There I was, 6 years old standing shoulder to shoulder among a row of girls stretched across the half court line of an elementary school basketball court. It was early summer 1992 and I waited on my mark, baton in hand, sparkly leotard on, large bouffant hair bow on the top of my head. The music came on, signaling the start of the routine to C&C Factory’s Gonna Make You Sweat (Everybody Dance Now). The instructor motioned for us to begin and we started walking towards her, twirling our batons to the music.
And just like that I was transported to another place.
I wasn’t twirling a shiny baton with ribboned ends in a stifling hot gymnasium among a group of female peers.

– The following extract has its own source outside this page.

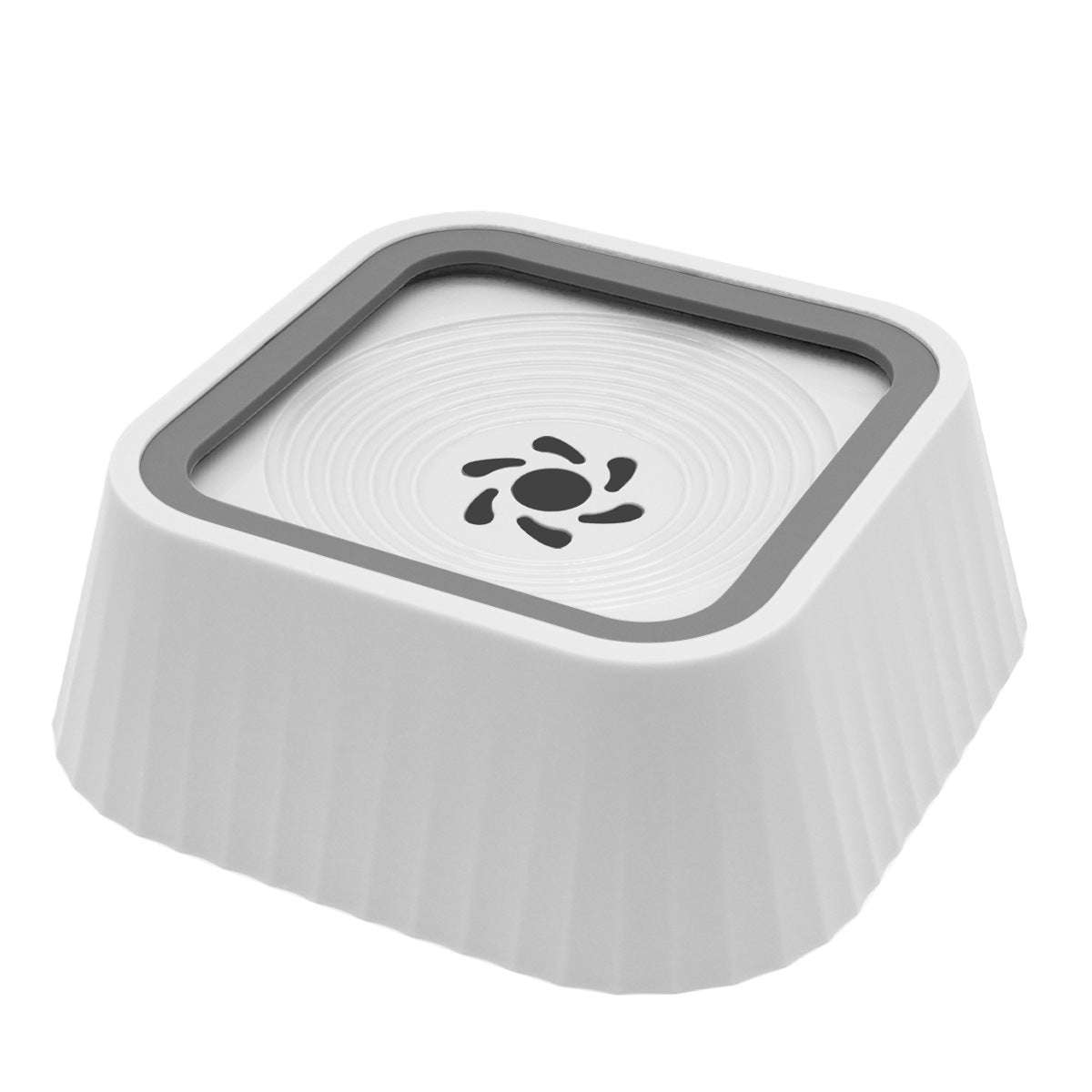 Anti-Splash Floating Pet Water Bowl — No Wet Mouth, PP Safe, 5 Colors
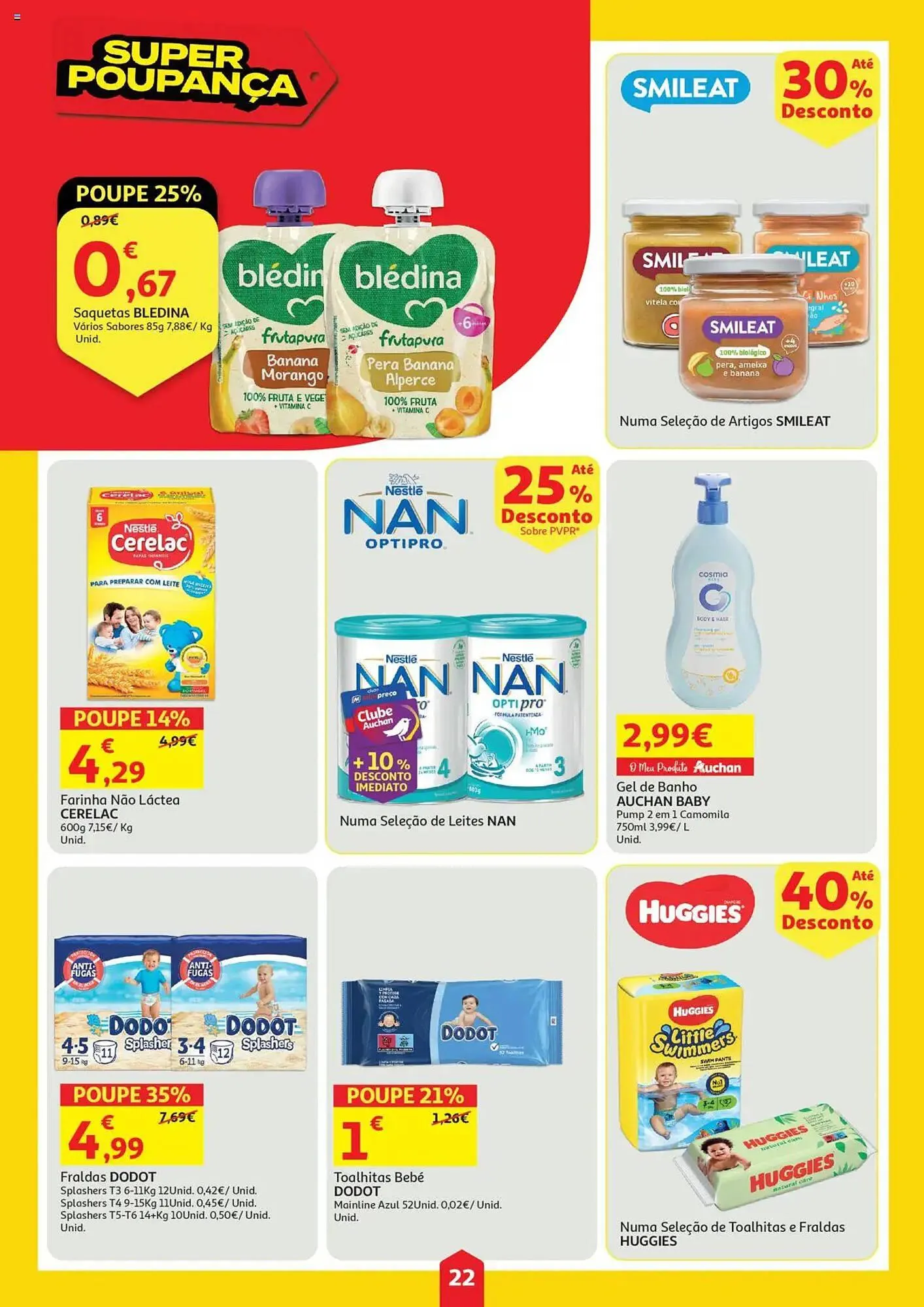 Folheto Folheto Minipreço de 26 de junho até 3 de julho 2025 - Pagina 22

I was warding off bad guys in some back ally with my bow staff like my rat sensei had taught me as Donatello, the purple Teenage Mutant Ninja Turtle. As the other girls proceeded in synchronized fashion to the other end of the court, I fell behind, voluntarily, too entranced in my own personal ninja pursuits. The music stopped and one by one the trophies were handed out to everyone in the class who completed the routine. If you received a trophy, you were pretty much guaranteed to be a shoo-in for the small town’s 4th of July parade (dream big). The instructor thanked everyone for coming and I made my way over to my mom on the side lines without a trophy. I wasn’t upset about it. I didn’t need some trophy to tell me how awesome I was at twirling a stick. My mother (a baton veteran herself) on the other hand, was fuming. She approached the instructor and insisted I be able to try again so I could get a trophy just like all the other little girls in the class and qualify for the town’s parade. The instructor obliged and rewinded the tape as I reluctantly took my mark in the middle of the gymnasium, alone this time. From the sidelines my mother pointed to her mouth, gesturing for me to “smile!” with accompanying jazz hands. The other girls and their mothers sat criss-crossed on the sidelines with their trophies, staring back at me. The instructor pressed play on the tape, cueing the start of the routine, and I, Donatello, stood frozen alone on the court for 30 seconds before finally returning to my mission of fending off bad guys and restoring peace to the city with blunt, swift swipes of my bow staff. I went home without a trophy that day and never made it to the parade.
It’s funny, when you’re about to have a kid of your own, you start thinking about what you and your partner were like as kids and compare stories. Trey has a good one about him playing the Wham Wake Me Up Before You Go-Go instrumental preset on the family keyboard while “porky piggin” it (wearing a shirt and nothing else). I try not to have any expectations for our little human, but sometimes I secretly hope we have a free spirited Donatello or Wham nudie on our hands.
Illustration by Trey.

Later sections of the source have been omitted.